Par un mémoire en défense, enregistré le 11 octobre 2024, la rectrice de l’académie de Créteil conclut au rejet de la requête.
Elle soutient qu’aucun des moyens soulevés par la requérante n’est fondé.
Vu :
— l’arrêté attaqué,
— les autres pièces du dossier.
Vu :
— le code général de la fonction publique ;
— le décret n° 84-961 du 25 octobre 1984 ;
— le code de justice administrative.
Les parties ont été régulièrement averties du jour de l’audience.
Ont été entendus au cours de l’audience publique du 30 avril 2025 :
— le rapport de Mme Hardy, rapporteure,
— les conclusions de M. Löns, rapporteur public,
— et les observations de Me Fages, représentant Mme B, en présence de cette dernière.
Le recteur de l’académie de Créteil n’était ni présent, ni représenté.
Considérant ce qui suit :
1. Par un arrêté du 14 décembre 2023, la rectrice de l’académie de Créteil a infligé à Mme B la sanction disciplinaire de déplacement d’office. La requérante demande au tribunal d’annuler cet arrêté.
Sur les conclusions à fin d’annulation :
2. Aux termes de l’article 4 du décret du 25 octobre 1984 relatif à la procédure disciplinaire concernant les fonctionnaires de l’Etat : « Le fonctionnaire poursuivi est convoqué par le président du conseil de discipline quinze jours au moins avant la date de réunion, par lettre recommandée avec demande d’avis de réception ».

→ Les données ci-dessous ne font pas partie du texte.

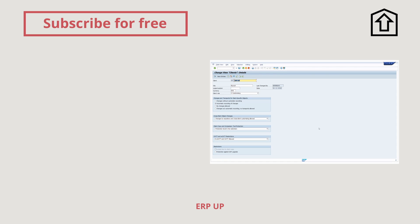Thank you very much for watching. I hope that you have learned a lot about the SAP client, what a SAP client is, and how you can make important settings in the transaction code SCC4. Hit the like button, add a comment, subscribe for free, and see you in the next video.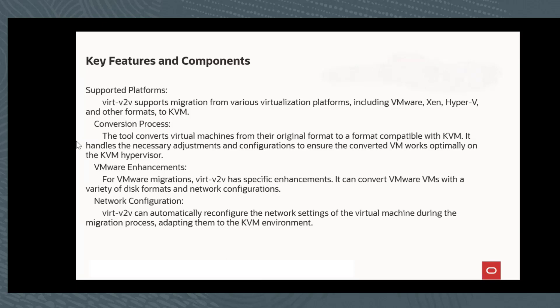The conversion process is the tool that converts virtual machines from their original format. The conversion handles the disk and the network. And then the VM migration has specific enhancements. It can convert disk and network configurations.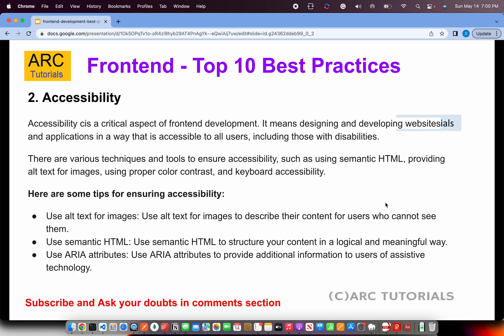Some tips for ensuring accessibility: use alt text for images; use semantic HTML with tags like header, footer, section, and article — these are meaningful and also help with SEO. Use ARIA attributes, which assist in assistive technology and screen readers. These are the three important takeaways from an accessibility perspective.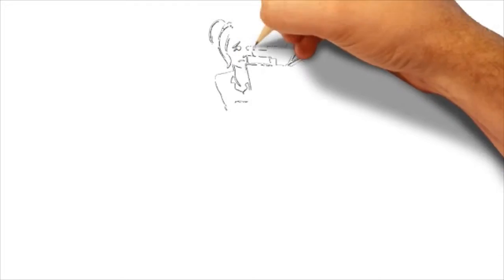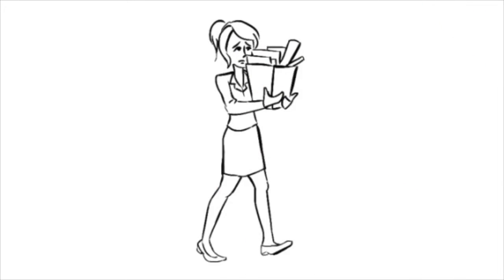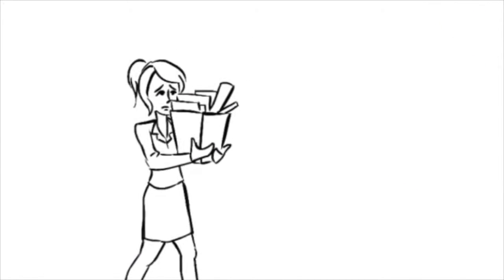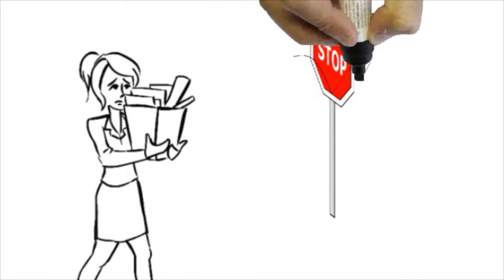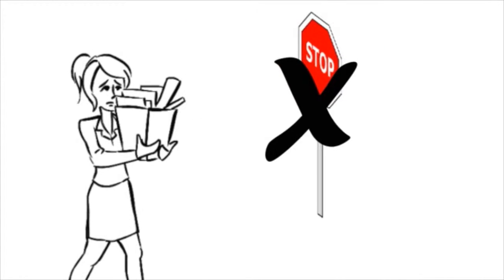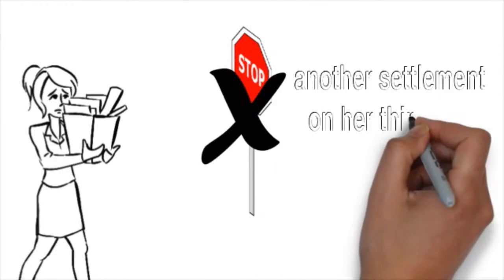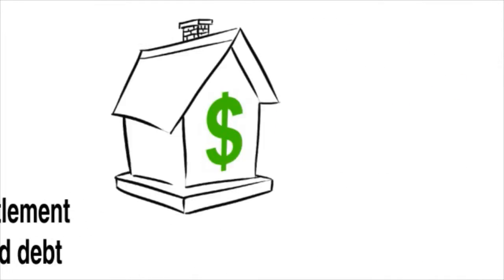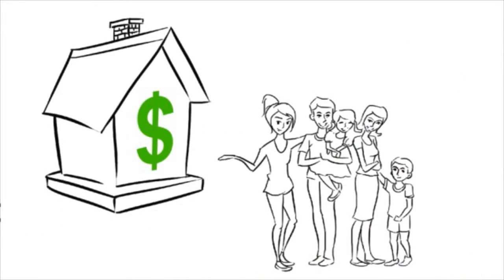Then, at the end of November, Beverly was laid off from her job. This did not stop the process and had another settlement on her third debt. This program has saved her home and given her and her family peace of mind.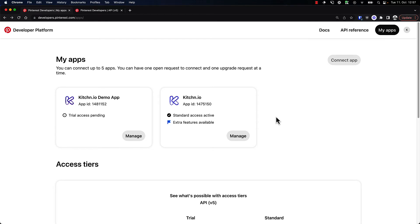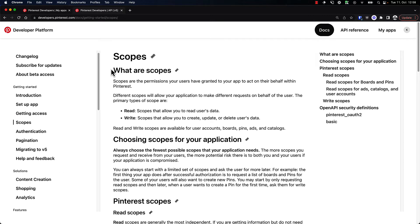We are still waiting to get access to the Pinterest API, but we can already go ahead with our next step. We may use the kitchen.io app to show you the full experience so we don't have to wait. First, let's go and understand scopes. Scopes are the permissions that your users have granted to your app to act on their behalf within Pinterest.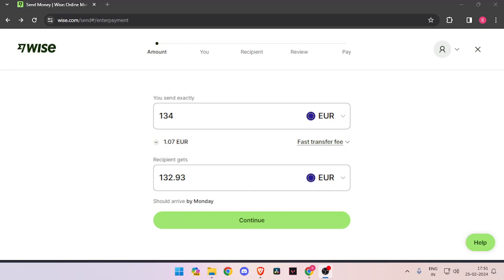Hello and welcome back to my channel. In today's video, I will show you how to transfer money from Italy to Croatia quickly and cheaply using Wise. Let's get started. In order to transfer money from Italy to Croatia, you must have a Wise account. If you don't have one, you can easily create one for free.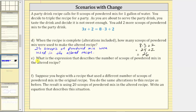For Part E: what is the expression that describes the number of scoops of powdered mix in the altered recipe? The expression on the left side of the equation is the expression that describes the number of scoops in the altered recipe. So the answer to Part E is the expression three s plus two.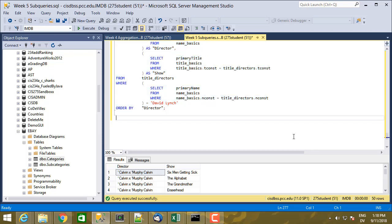Let's take an example. In the IMDB database, one thing I might want to do is find all of the movies that have had two specific actors in them — for example, all of the movies that have both Laura Dern and Kyle MacLachlan as actors.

3. Le délai de quinze jours mentionné par ces dispositions constitue pour l’agent concerné une garantie visant à lui permettre de préparer utilement sa défense. Par suite, la méconnaissance de ce délai a pour effet de vicier la consultation du conseil de discipline, sauf s’il est établi que l’agent a été informé de la date du conseil de discipline au moins quinze jours à l’avance par d’autres voies. Le respect de ce délai s’impose même dans le cas où la date de la réunion du conseil de discipline résulte d’un report et d’une nouvelle convocation.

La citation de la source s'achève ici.